▸ **TASK DIRECTIONS**
Below are records; from the line containing "Mit der Schultheatervorstellung" through the very last line, output each line exactly. No pictures.

▸ **Dataset entries**
*** Begin section ***

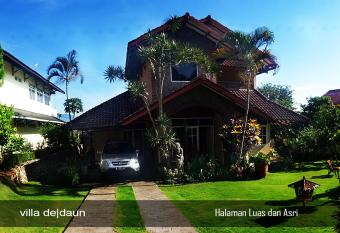 Villa Dedaun has Balcony rooms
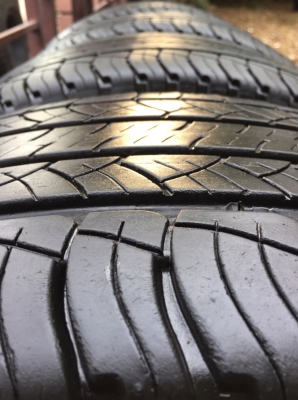 ยาง Michelin 265 60 18 ปี17 ดอกเต็ม ไม่มีปะ เนื้อนิ่มๆ ใช้ยาว ราคาไม่แพง ยาง Michelin 265 60 18 ปี17 ดอกเต็ม ไม่มีปะ เนื้อนิ่มๆ ใช้ยาว ราคาไม่แพง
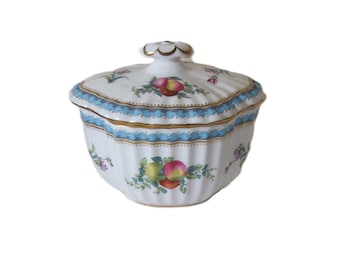 Spode - Trapnell Sprays - Y8403 - Sugar Bowl - Lidded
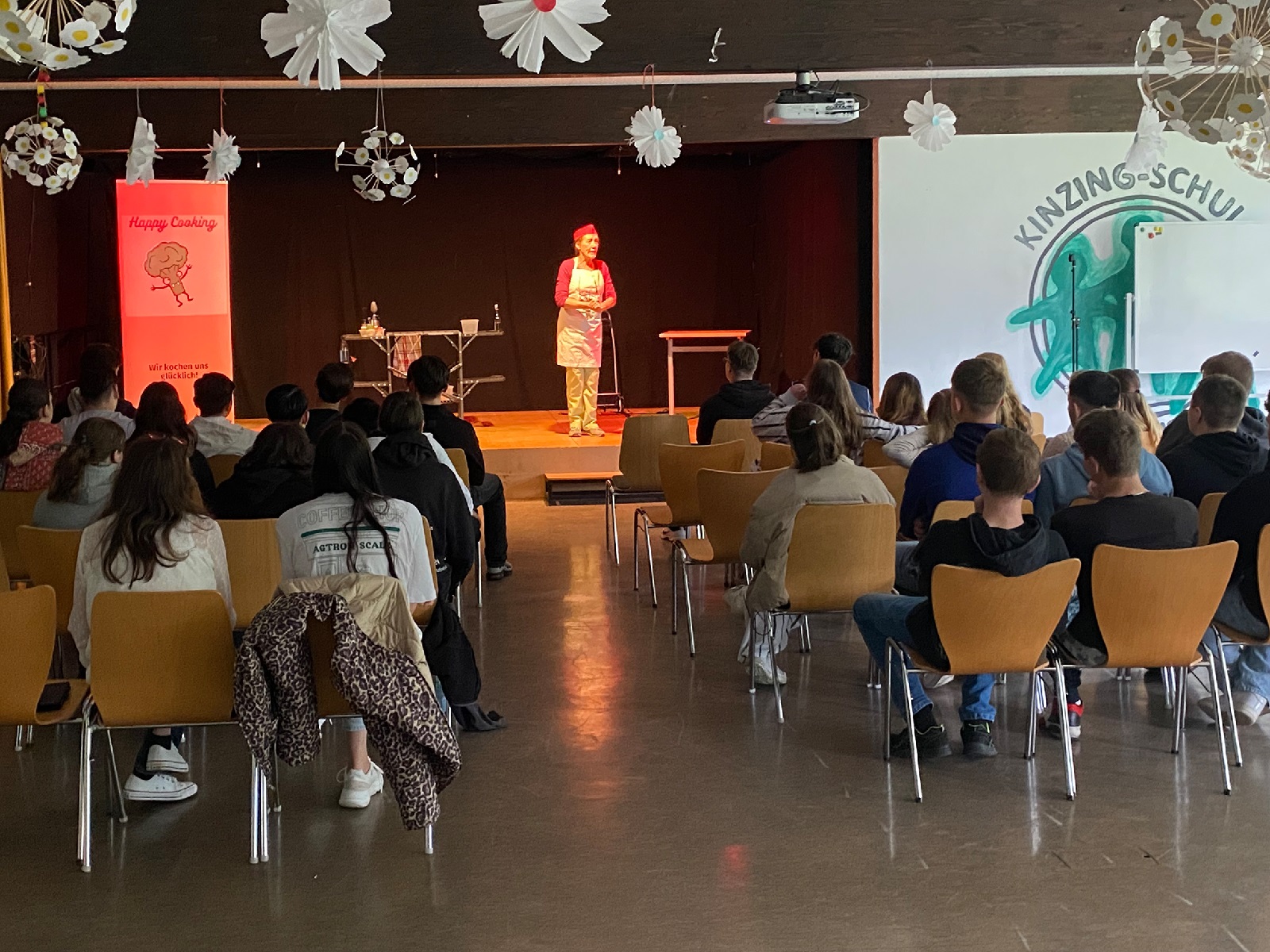 Mit der Schultheatervorstellung Wutbrgerlich wurden Schler der Neuwieder Kinzing-Schule fr das Thema Alltagsrassismus sensibilisiert. (Foto: Marco Schneider)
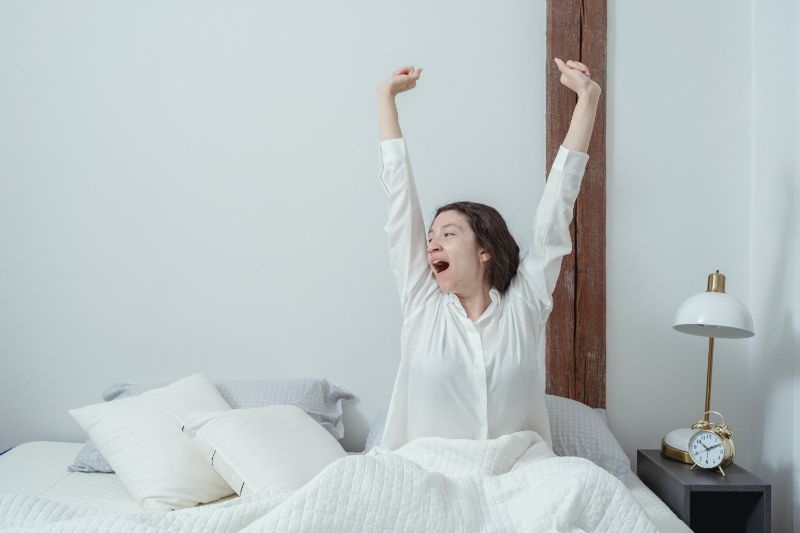 7 Cara Mudah untuk Bangun Lebih Pagi | Biar Nggak Kesiangan!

*** End section ***

▸ **REPLY**
 Mit der Schultheatervorstellung Wutbrgerlich wurden Schler der Neuwieder Kinzing-Schule fr das Thema Alltagsrassismus sensibilisiert. (Foto: Marco Schneider)
 7 Cara Mudah untuk Bangun Lebih Pagi | Biar Nggak Kesiangan!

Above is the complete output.